Presence Of Special Education Teacher At IEP Meeting

In Mahoney v. Carlsbad Unified School District, the 9th circuit court of appeals considered the parents' allegations of procedural violations by the school district under the IDEA.  Among the points addressed by the court is the requirement under federal law that an IEP team must include "not less than one special education teacher, or where appropriate, not less than one special education provider of such child."  The obvious rationale behind this is to have someone knowledgeable about the student's special education issues and qualified to make recommendations.  The parents, whose child had a speech and language impairment, argued that the IEP team was improperly constituted becasue it did not include the child's current special education teacher.  Instead, the child's previous speech and language services provider was in attendance.  The court rejected the parents' argument stating that federal law does not require that it be the child's current teacher and that it was sufficient to have a provider who had at some point actually taught the student (which, the court determined, the speech provider had). 

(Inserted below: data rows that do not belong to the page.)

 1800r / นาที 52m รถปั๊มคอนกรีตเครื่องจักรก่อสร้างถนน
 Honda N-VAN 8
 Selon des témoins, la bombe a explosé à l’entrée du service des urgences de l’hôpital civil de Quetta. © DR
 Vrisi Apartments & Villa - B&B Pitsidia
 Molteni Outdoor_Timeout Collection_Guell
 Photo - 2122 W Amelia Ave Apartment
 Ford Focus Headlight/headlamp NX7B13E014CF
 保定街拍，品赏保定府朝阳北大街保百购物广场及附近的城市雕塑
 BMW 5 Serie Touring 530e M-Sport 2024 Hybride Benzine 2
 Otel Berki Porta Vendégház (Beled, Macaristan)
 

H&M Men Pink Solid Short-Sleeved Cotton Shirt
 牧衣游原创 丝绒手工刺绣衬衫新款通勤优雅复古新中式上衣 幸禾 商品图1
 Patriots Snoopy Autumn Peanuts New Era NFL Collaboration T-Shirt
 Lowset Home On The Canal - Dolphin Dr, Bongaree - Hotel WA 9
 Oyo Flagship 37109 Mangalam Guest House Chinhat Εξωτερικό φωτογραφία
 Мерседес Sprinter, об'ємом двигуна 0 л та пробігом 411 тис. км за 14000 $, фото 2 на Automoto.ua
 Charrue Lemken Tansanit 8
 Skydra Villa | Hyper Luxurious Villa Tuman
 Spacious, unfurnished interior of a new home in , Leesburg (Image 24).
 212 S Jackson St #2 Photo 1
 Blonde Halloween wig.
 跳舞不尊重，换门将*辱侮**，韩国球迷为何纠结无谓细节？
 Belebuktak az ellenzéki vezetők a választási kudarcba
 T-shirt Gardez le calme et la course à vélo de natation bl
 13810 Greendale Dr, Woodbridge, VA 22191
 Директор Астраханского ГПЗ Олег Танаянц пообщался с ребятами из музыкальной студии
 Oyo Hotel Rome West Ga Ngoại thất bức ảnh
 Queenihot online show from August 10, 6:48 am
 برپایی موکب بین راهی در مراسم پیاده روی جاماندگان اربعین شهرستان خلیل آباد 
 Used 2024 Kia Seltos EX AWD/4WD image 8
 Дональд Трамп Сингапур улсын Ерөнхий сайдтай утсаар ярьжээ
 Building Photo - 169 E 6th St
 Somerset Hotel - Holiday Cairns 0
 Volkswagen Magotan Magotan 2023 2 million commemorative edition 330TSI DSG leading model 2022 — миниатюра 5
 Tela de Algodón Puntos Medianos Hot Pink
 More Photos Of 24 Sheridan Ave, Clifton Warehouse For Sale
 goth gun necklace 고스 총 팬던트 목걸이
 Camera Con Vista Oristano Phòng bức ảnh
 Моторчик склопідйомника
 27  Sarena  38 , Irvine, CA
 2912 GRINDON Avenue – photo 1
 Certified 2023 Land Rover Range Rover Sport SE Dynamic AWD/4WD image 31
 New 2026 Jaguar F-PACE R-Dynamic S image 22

This case is an example that not every procedural violation will be deemed a denial of FAPE.  The violation must be shown to have deprived the parents of meaningful participation in the special education process or interfered with the student's ability to benefit from the educational program.  If it were the case that the special education professional had not worked with the child in several years, or the child's needs had changed, or the provider never really understood the child's needs...that would be cause for concern.  But here, the court believed that the speech provider had worked wtih the child recently enough and was enough to fulfill the requirements under federal law.  Judges and impartial hearing officers can be picky about this type of thing - you have to be able to show more than just a technical error.